If the team manages to get to the end of the "chronicle" they got access to the treasure room and there have a little free for all looting of Sega products including home consoles like the Sega Master System and Sega Genesis, handhelds like the Game Gear and lots of games and peripherals to choose from. Video games were awarded on the first season, but this was changed to home computers on later ones.
An example of one episode of "El Rescate del Talisman" (In Spanish)
SwordQuest was a series of games released for the Atari 2600 console that were part of a big contest. The game was sort of the equivalent to modern adventure games, which featured cryptic puzzles that you needed to solve in order to compete. The game also included a comic book that was also a tool used to solve the game's main puzzle. There were supposed to be 4 games with worlds based on the elements (Earth, Fire, Water and Air) and each of those worlds would be separate competitions that would end up in a final fifth one after Airworld. Sadly, only the first 2 of them happened as the final Waterworld competition was not held and Airworld was never released.
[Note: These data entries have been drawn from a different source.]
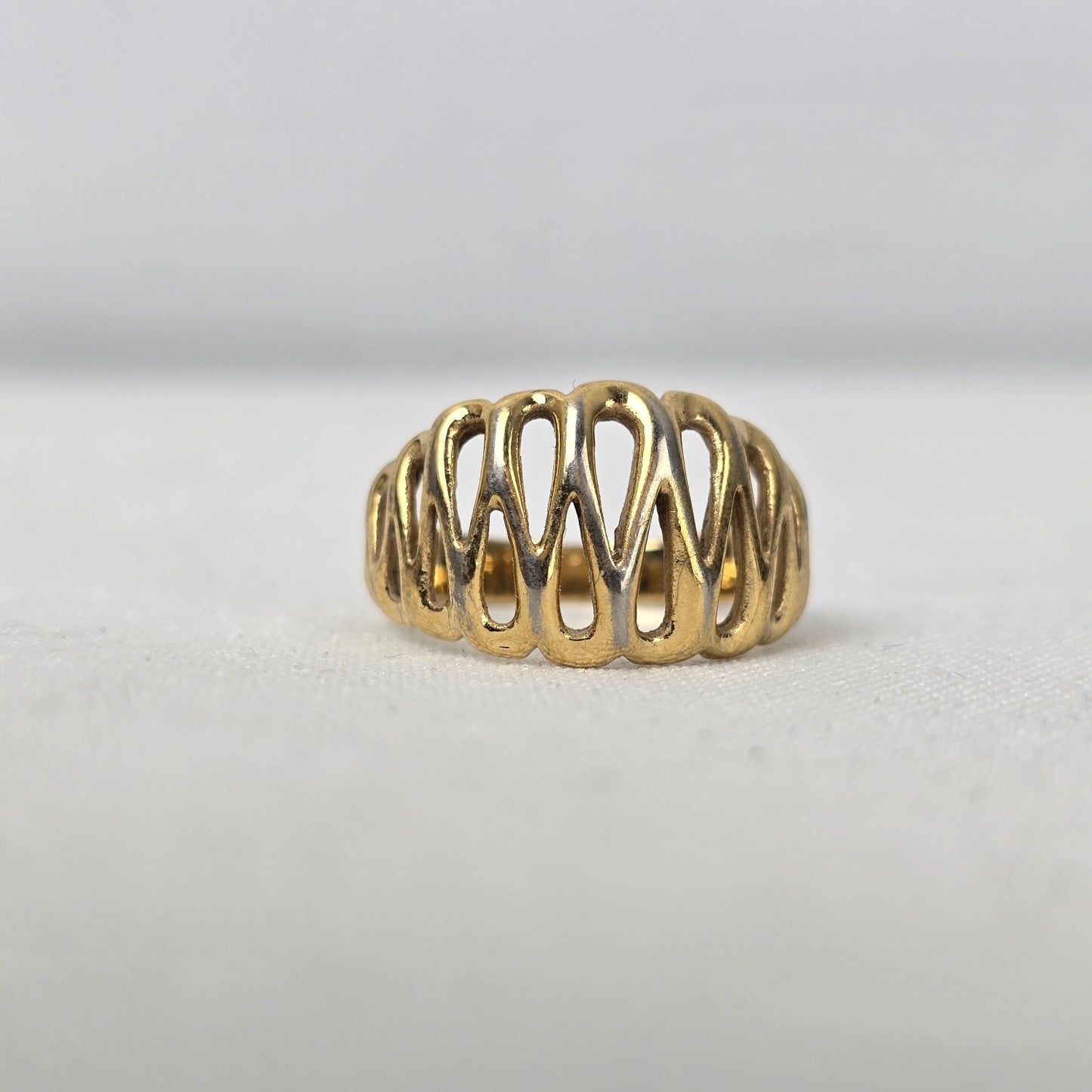 Vintage Gold Tone Ring 8.5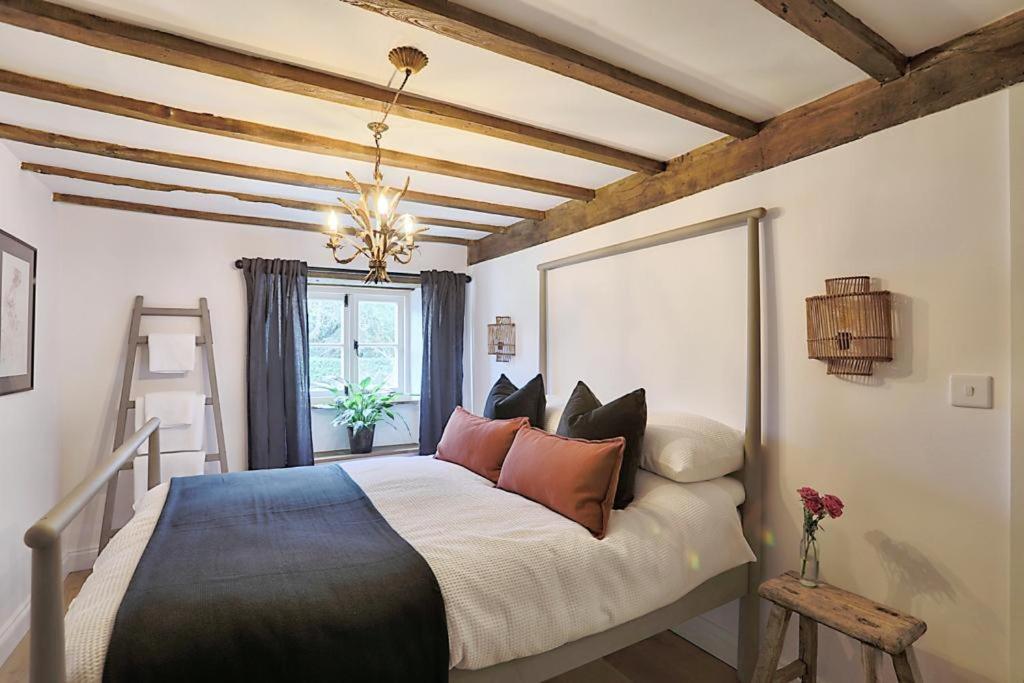 Luxury Cotswold Cottage With Hot Tub In Stow On The Wold! Kültér fotó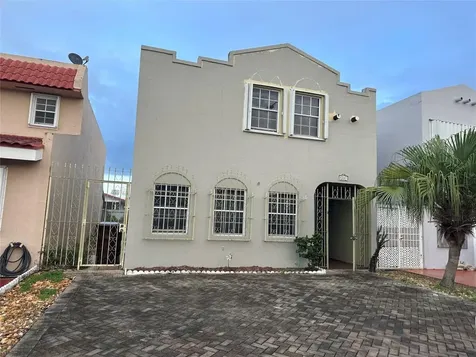 4281 W 10th Court Hialeah FL 33012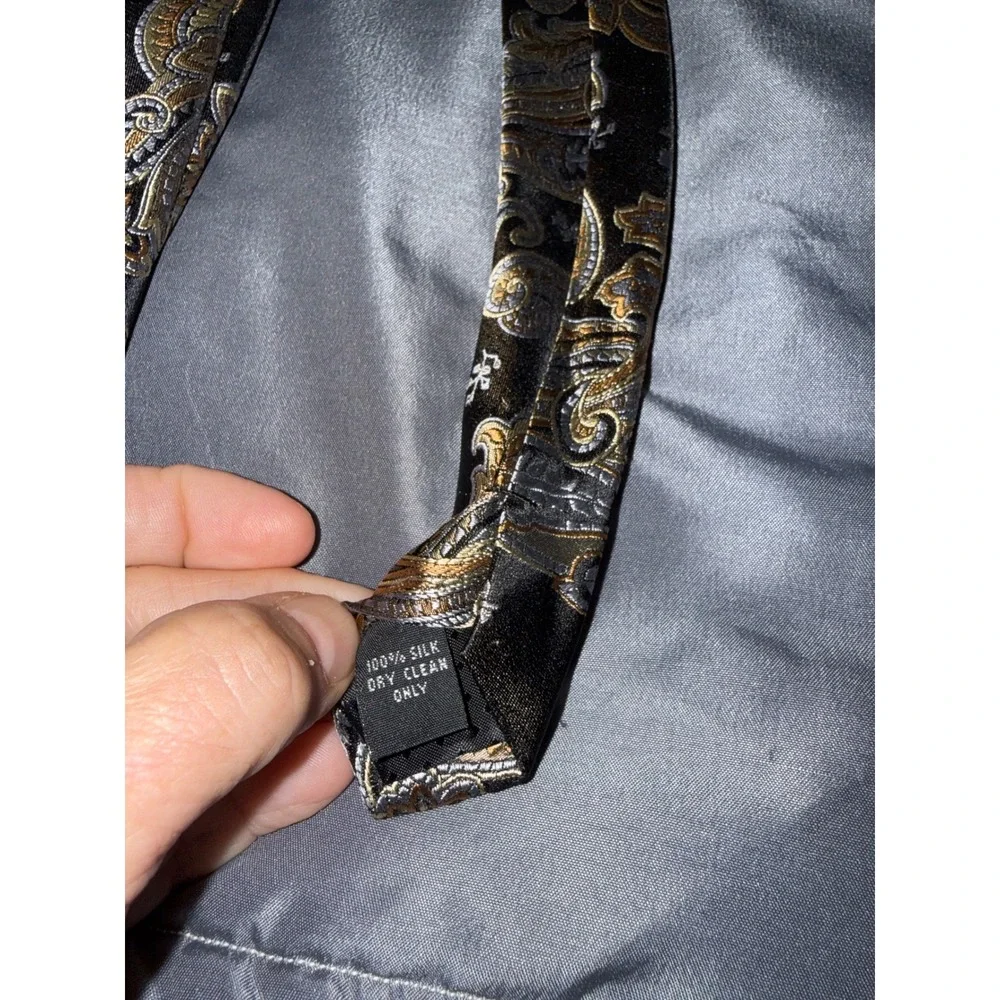 Pierre Cardin Mens Silk Necktie Black Gold Silver Paisley Classic Formal Tie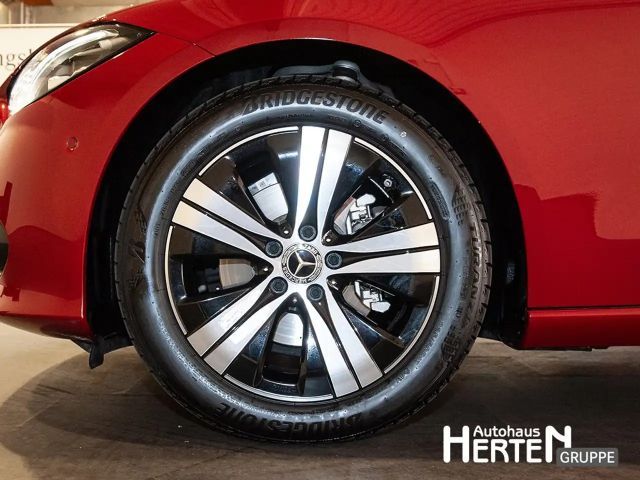 Mercedes-Benz C 180 AVANTGARDE Sedan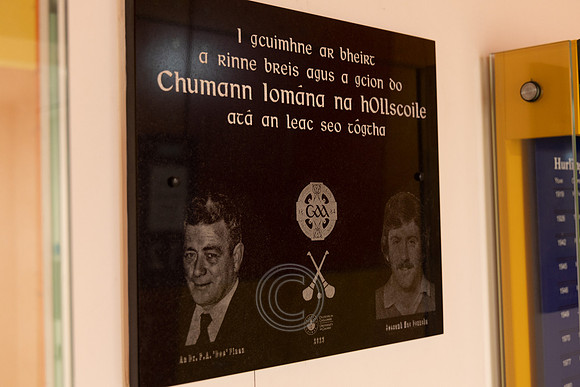 IOMÁNAITHE-403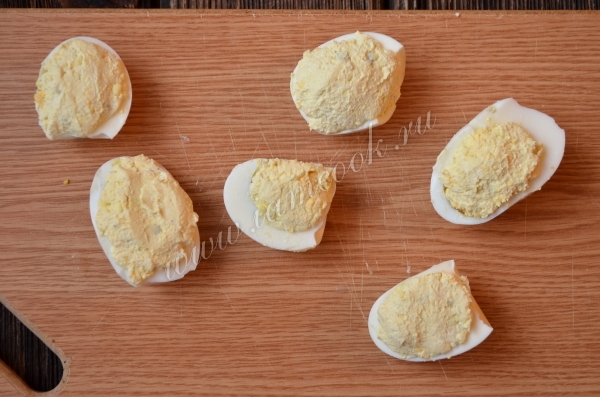 Нафаршировать яичные белки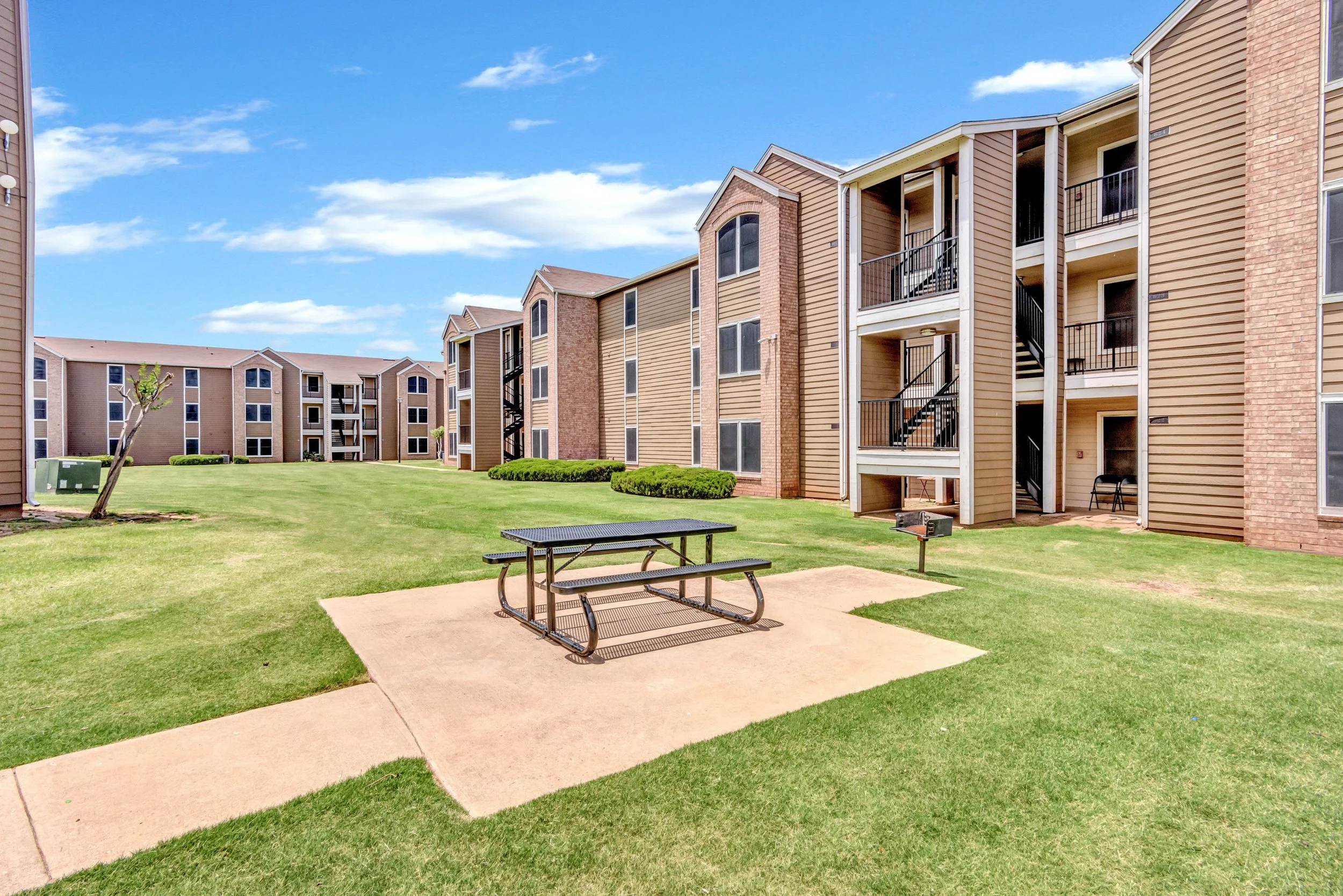 Tealwood Place 4.jpg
First you had to get a complete copy of the game (with the comic book and all), play it and solve the puzzle by finding the hidden 5 clues that made the "puzzle sentence" so you could mail that sentence to Atari. Then Atari proceeded to select some of the players who gave the correct answer and they would go to a new live competition in which they would compete for the grand prize of that "world".
The prizes featured in the SwordQuest competitions were extreme:
- For Earthworld, the prize consisted of a talisman made of 18k gold, having 12 diamonds and the stones for each of the signs of the zodiac. This prize was valued in $25,000 dollars of the time.
- For Fireworld, the prize consisted of a chalice made of gold and platinum, embedded with citrines, diamonds, green jades, rubies and sapphires. The chalice was also valued at $25,000
- For Waterworld, the prize was supposed to be a crown made of gold and embedded with aquamarines, diamonds, green tourmalines, rubies and sapphires. This one was valued at the same value as the previous prizes and was never awarded because although the game was released, the final competition never happened.
If the Waterworld final competition had gone through, the next and final installment would had been Airworld. On this one, the prize was going to be a "Philosopher's Stone" which was made of gold and embedded with diamonds, emeralds, citrines and rubies and was also valued at $25,000.
The final showdown of the SwordQuest series would had been a final competition between all the previous winners for a final prize which would had been a sword with its handle made of gold, embedded with various jewels and its blade made of pure silver, all with a value of $50,000. This of course never happened as the contest was cancelled before it got that far.
Wrapping it up
Be it some cool consoles and games, a visit to awesome gaming related places, or even prizes worth several thousand dollars, vintage sweepstakes and contests were something worth dreaming for back in the day. These kinds of things just doesn't happen that often anymore, especially because most of the contest systems would be broken by things like the internet, but they remain as a good memory for those who lived through them and a cool thing to think about for those who didn't.